El Vagabundo de Chaplin quiebra a su paso toda norma, desde el orden familiar hasta la autoridad por antonomasia, preferiblemente representada por las altas clases sociales, o incluso por uniformados de menos rango social que, no obstante, prestan servicio fiel a esa autoridad mayor. Al ser un personaje desclasado, fuera del canon civilizatorio, podría acceder a esos desvíos de la conducta ciudadana, propios de su rango. Esa es la vana ilusión que le permite sortear las posibles objeciones de espectadores que, en tanto se divierten con sus peripecias, condenarían severamente su conducta en vida real. Justo por esas circunstancias, su creador ha administrado muy bien sus elementos, sazonando con aparente ligereza las secuencias. Gestos y objetos son tan importantes como el argumento. Tampoco es baldío que en las didascalias que orientan al espectador del cine mudo, se anuncie que habrá risas, y alguna que otra lágrima. La circunstancia dramática, en esta como en la mayoría de sus películas, es esencial para la comicidad consecutiva y perdurable, capaz de hacernos reír como si fuese acabada de crear, o como si no la hubiéramos visto infinidad de veces.

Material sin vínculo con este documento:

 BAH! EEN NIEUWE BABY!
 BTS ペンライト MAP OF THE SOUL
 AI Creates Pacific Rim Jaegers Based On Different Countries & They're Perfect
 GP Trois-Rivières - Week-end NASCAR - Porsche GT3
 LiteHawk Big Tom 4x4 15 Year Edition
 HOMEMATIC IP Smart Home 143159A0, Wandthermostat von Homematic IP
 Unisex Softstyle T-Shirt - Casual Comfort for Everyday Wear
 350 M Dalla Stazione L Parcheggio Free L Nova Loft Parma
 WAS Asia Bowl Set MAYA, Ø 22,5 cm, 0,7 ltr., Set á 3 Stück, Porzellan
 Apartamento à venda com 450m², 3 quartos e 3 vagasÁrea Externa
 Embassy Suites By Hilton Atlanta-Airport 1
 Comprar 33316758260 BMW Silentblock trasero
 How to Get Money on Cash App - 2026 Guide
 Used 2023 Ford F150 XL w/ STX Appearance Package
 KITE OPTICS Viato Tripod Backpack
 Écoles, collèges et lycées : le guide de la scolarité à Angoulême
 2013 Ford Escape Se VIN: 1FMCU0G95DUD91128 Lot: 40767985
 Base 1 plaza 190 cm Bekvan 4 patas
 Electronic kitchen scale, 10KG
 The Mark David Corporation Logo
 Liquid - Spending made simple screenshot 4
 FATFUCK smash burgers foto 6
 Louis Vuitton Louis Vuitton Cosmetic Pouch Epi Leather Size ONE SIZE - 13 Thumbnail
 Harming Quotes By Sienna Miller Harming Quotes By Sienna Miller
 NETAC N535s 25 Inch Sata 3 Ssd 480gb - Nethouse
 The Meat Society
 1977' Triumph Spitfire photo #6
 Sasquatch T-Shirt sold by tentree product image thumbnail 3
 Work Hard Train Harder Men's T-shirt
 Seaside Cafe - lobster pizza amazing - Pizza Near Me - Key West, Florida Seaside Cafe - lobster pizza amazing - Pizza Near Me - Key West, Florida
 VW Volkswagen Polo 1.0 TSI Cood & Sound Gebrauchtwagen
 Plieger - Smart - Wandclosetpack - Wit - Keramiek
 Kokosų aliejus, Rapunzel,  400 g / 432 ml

¿No es sintomático, entonces, que esa escena de Hynkel con la esfera terráquea, aún nos cauce risa, como si no mediaran décadas de Historia de la humanidad?
También en su Autobiografía, Chaplin define hasta qué punto cada detalle es importante para la credibilidad que el código propone en busca de la risa: «el vestuario de Paulette en Tiempos modernos exigió tanta inteligencia y finura como una creación de Dior. Si el atuendo de una gamine se trata sin cuidado, los remiendos resultan teatrales y poco convincentes. Al vestir a una actriz como una golfilla callejera o como una florista intentaba crear un efecto poético sin menoscabar su personalidad».
Curioso que un panorama tan insólito como el que protagoniza todo el tiempo le parezca ajeno a la teatralidad y convincente respecto al comportamiento en sociedad. Sin embargo, el desacato irrefrenable que muestra el Vagabundo, quien golpea traseros a diestra y siniestra, entre otras varias irreverentes «travesuras», va acompañado, siempre, de cortesía ciudadana y comprensión de la justicia. El gesto cortés, que es contrastado con burla de inmediato, trasciende lo paródico y significa —da sentido significante— el contraste entre la autoridad social y el individuo desclasado, quien acude a la única posibilidad de ejercer el poder de que dispone: la risa.
Las alocadas peripecias del Vagabundo de Chaplin suelen enfocarse en actos de justicia, la mayoría de las veces desde el anonimato, sacrificando identidad y beneficio por un acto noble. Así, lo cómico y el bien actúan como aliados, no solo desafiando el prejuicio que la civilización ha insistido en mantener, sino demostrando cuánta comicidad puede devenir de esa alianza si con buen arte se hace.